## WORK REQUEST:
The answer must be only the lines below from the one holding "Best Service for" down to the one holding "Ralph Lauren Fabric", ends included, printed exactly; please omit all pictures.

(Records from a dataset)
^^^^^^^^^^^^^^^^

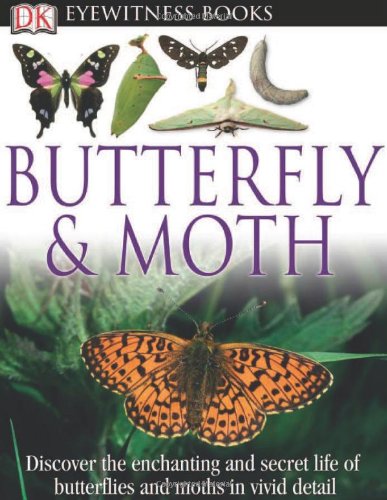 DK Eyewitness Books: Butterfly and Moth by DK Publishing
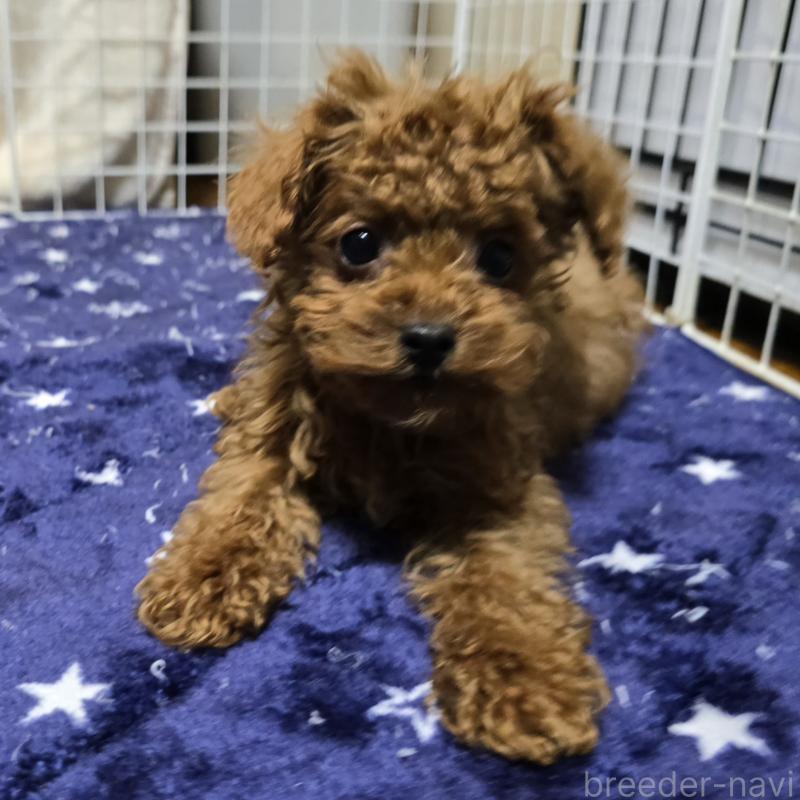 販売中の岡山県のトイプードル-411591の3枚目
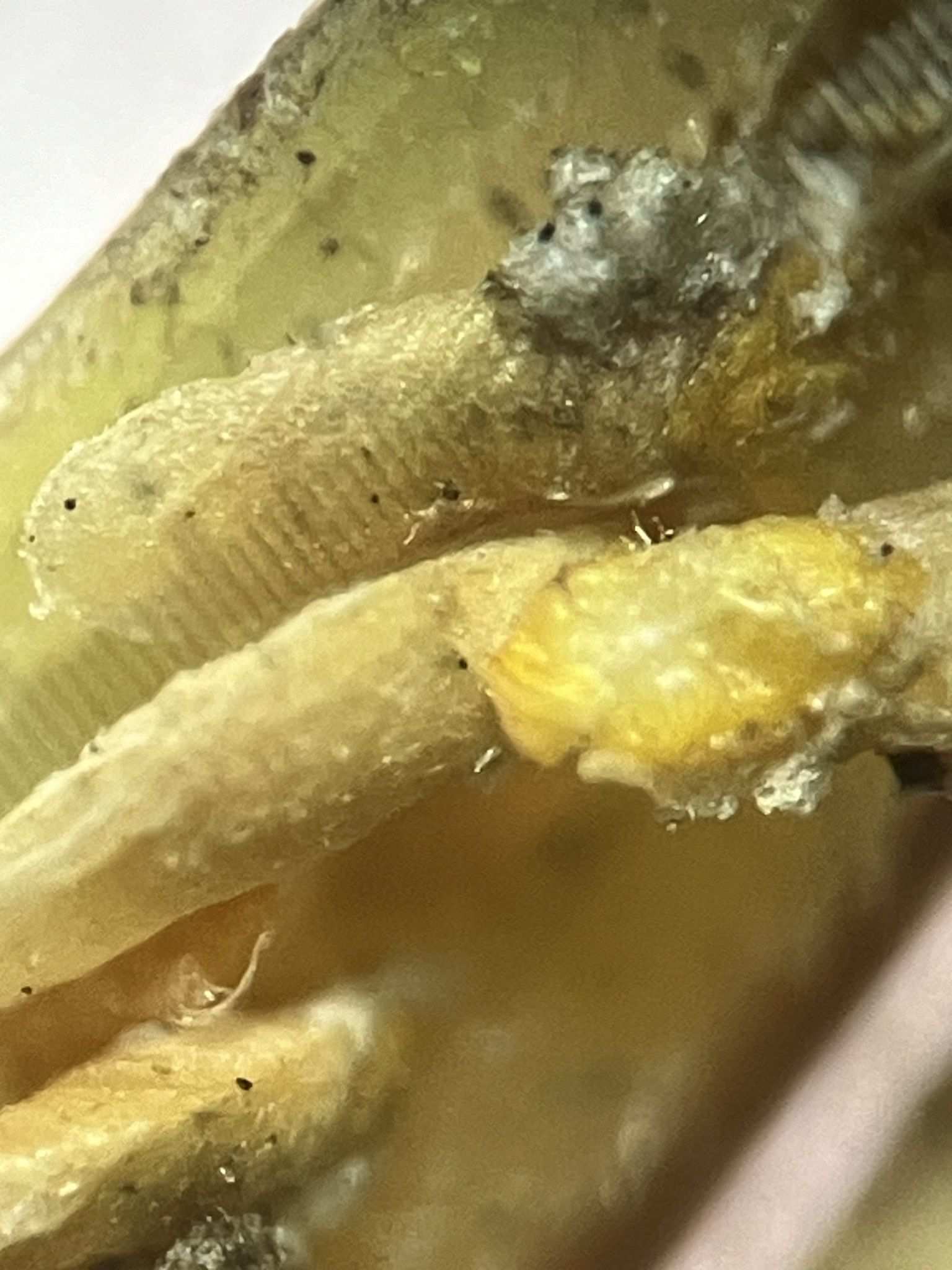 Odonaspis
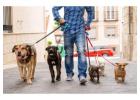 Best Service for Mobile Dog Walker in Waverley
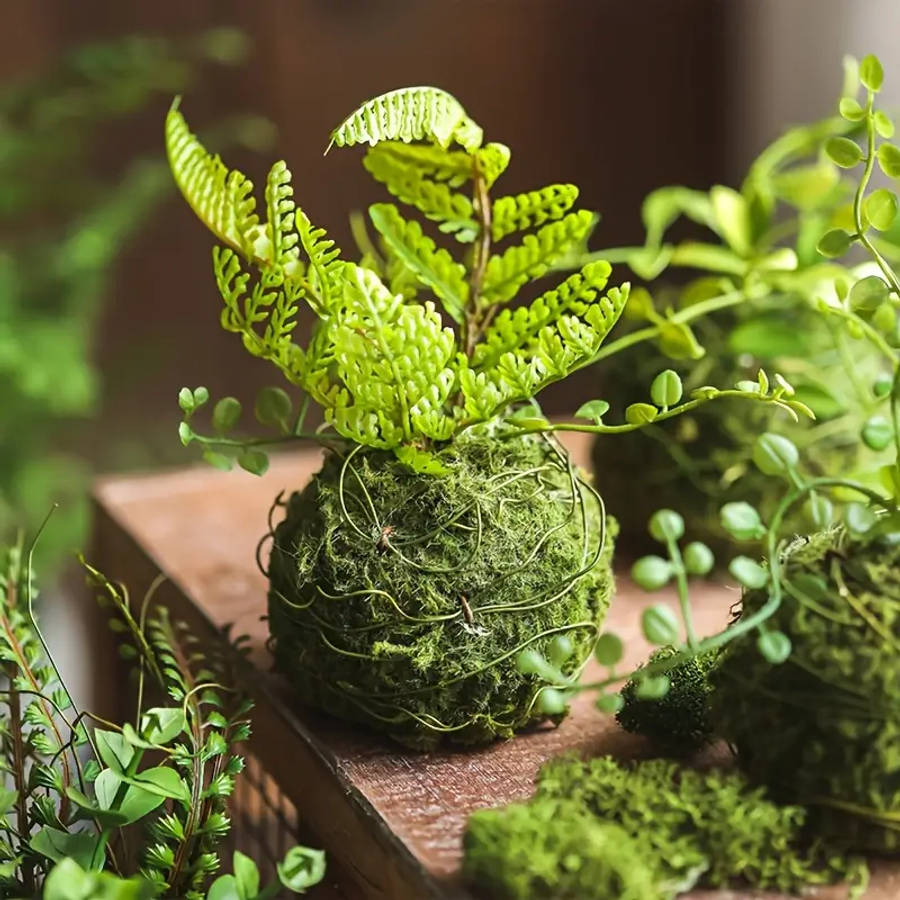 Exquisite Moss Plant Planting Container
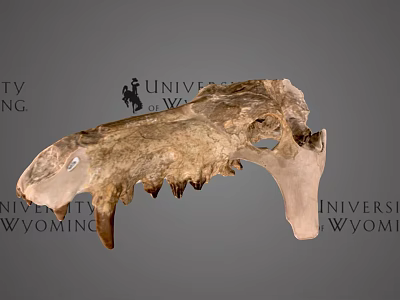 University of Wyoming Prehistoric Fossil Skull With Detailed Bone Structure 3d model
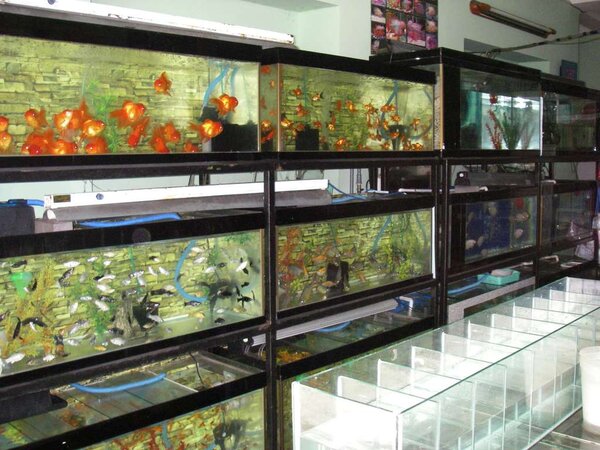 Akvarieaffär i Saigon
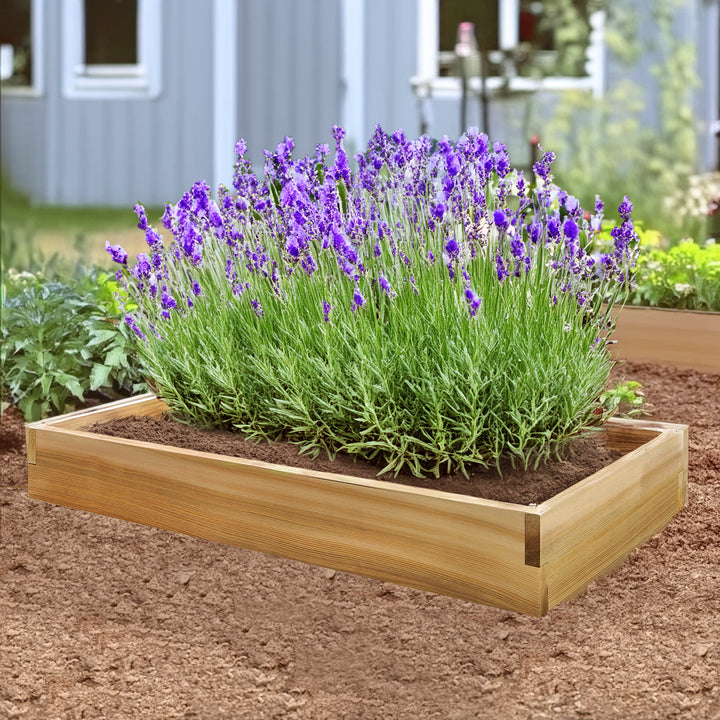 4-ft x 2-ft Raised Cedar Garden Box RG48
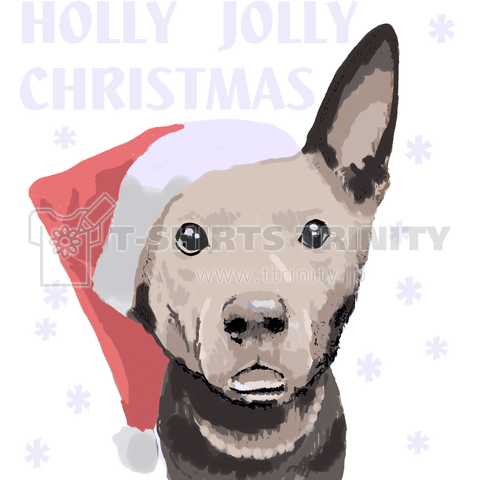 HOLLY JOLLY CHRISTMAS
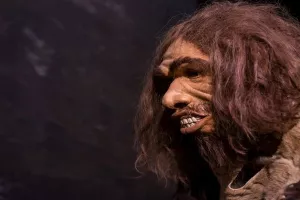 Neandertalci su koristili aspirin kao rješenje za zubobolju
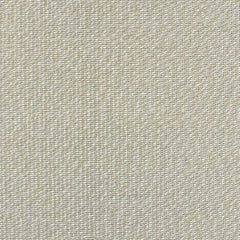 Ralph Lauren Fabric LFY60074F Argentum Weave Silver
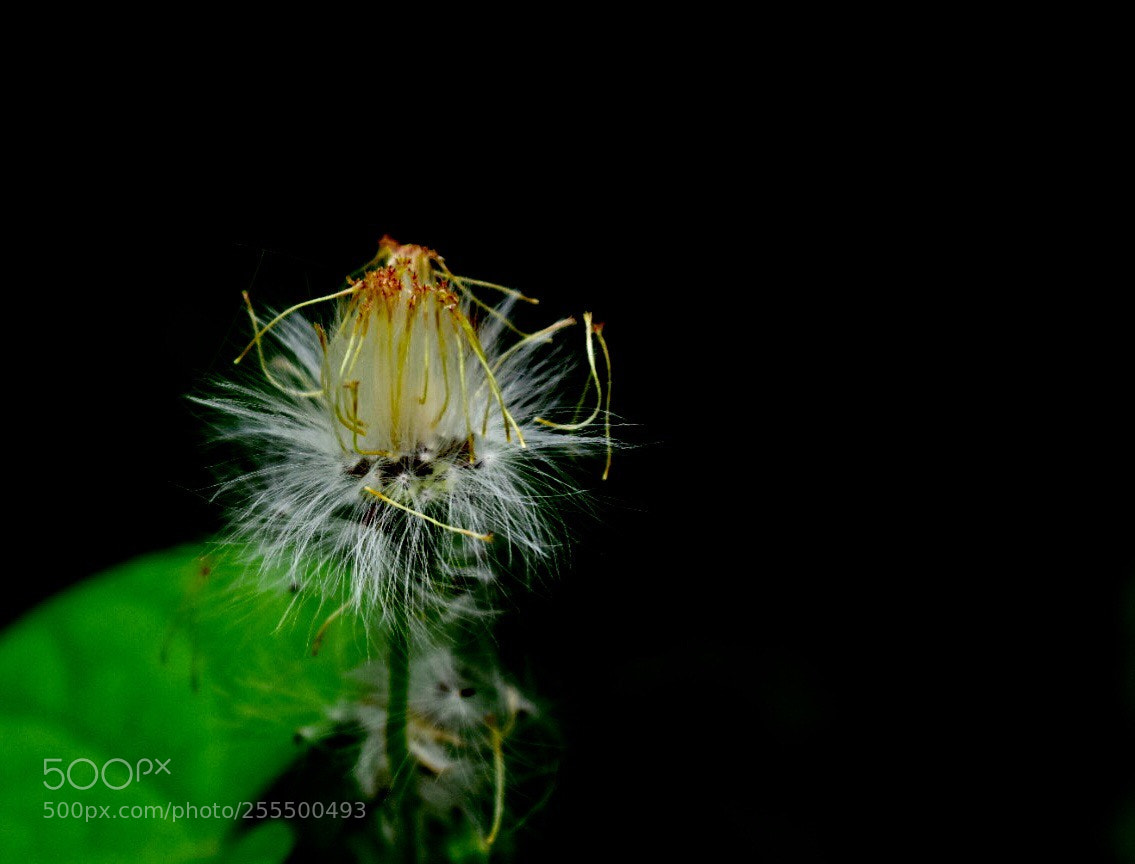 Nikon D5300 sample photo. Seed a little  photography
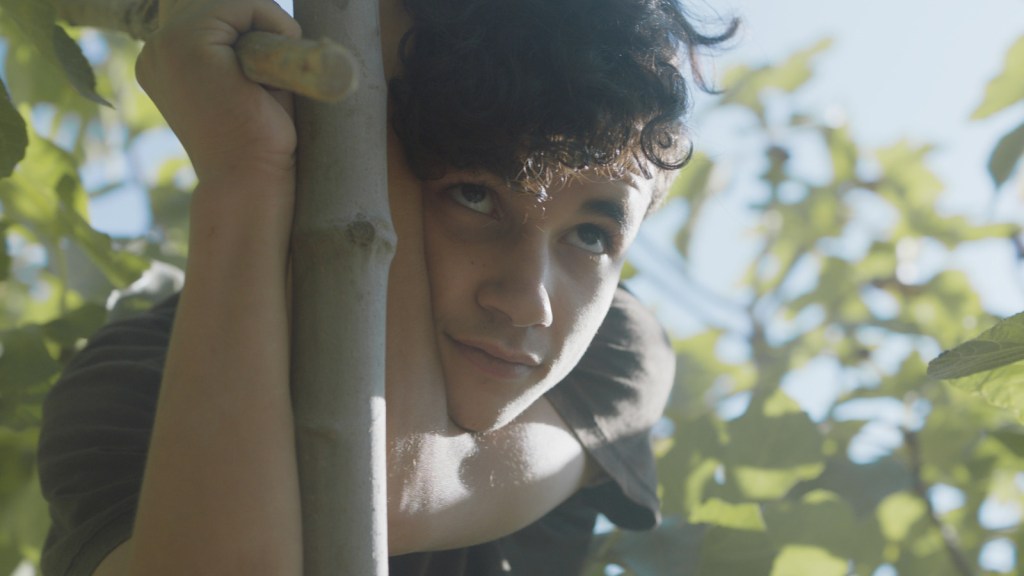 Sous les figues | Jour2Fête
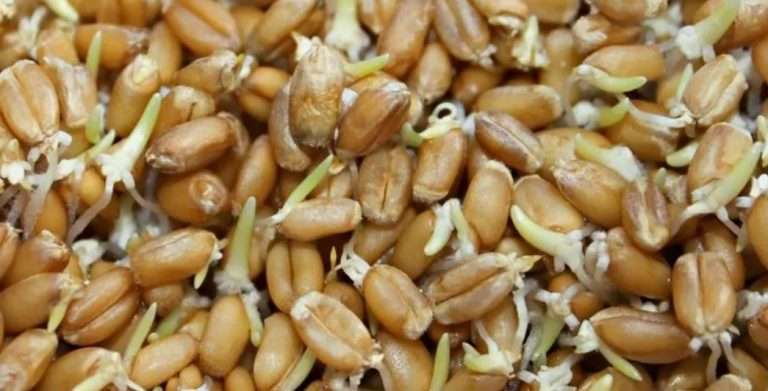 Пророщенное зерно для птицы: здоровье и продуктивность
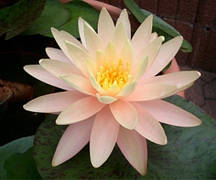 Німфея Санні Пінк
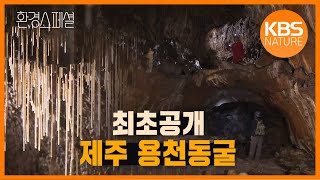 땅 속 자연사박물관! 환경스페셜 ‘최초보고, 용천동굴 20만 년의 비밀’/ KBS 20100908 방송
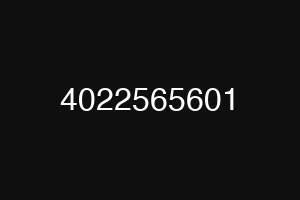 4022565601
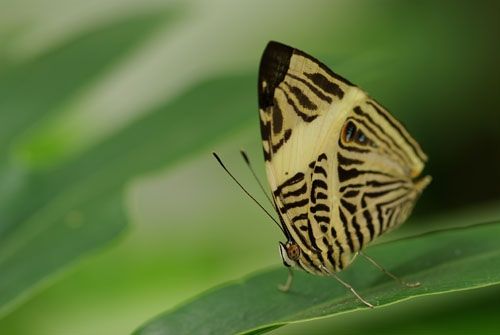 Fotografia de Albert photography - Galeria Fotografica: NATURALEZA - Foto: BUTTERFLY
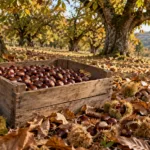 Kasztanów jadalnych będzie w tym roku mniej – upał i susza zmniejszyły zbiory w Dordogne nawet o połowę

^^^^^^^^^^^^^^^^

## TASK ANSWER:
 Best Service for Mobile Dog Walker in Waverley
 Exquisite Moss Plant Planting Container
 University of Wyoming Prehistoric Fossil Skull With Detailed Bone Structure 3d model
 Akvarieaffär i Saigon
 4-ft x 2-ft Raised Cedar Garden Box RG48
 HOLLY JOLLY CHRISTMAS
 Neandertalci su koristili aspirin kao rješenje za zubobolju
 Ralph Lauren Fabric LFY60074F Argentum Weave Silver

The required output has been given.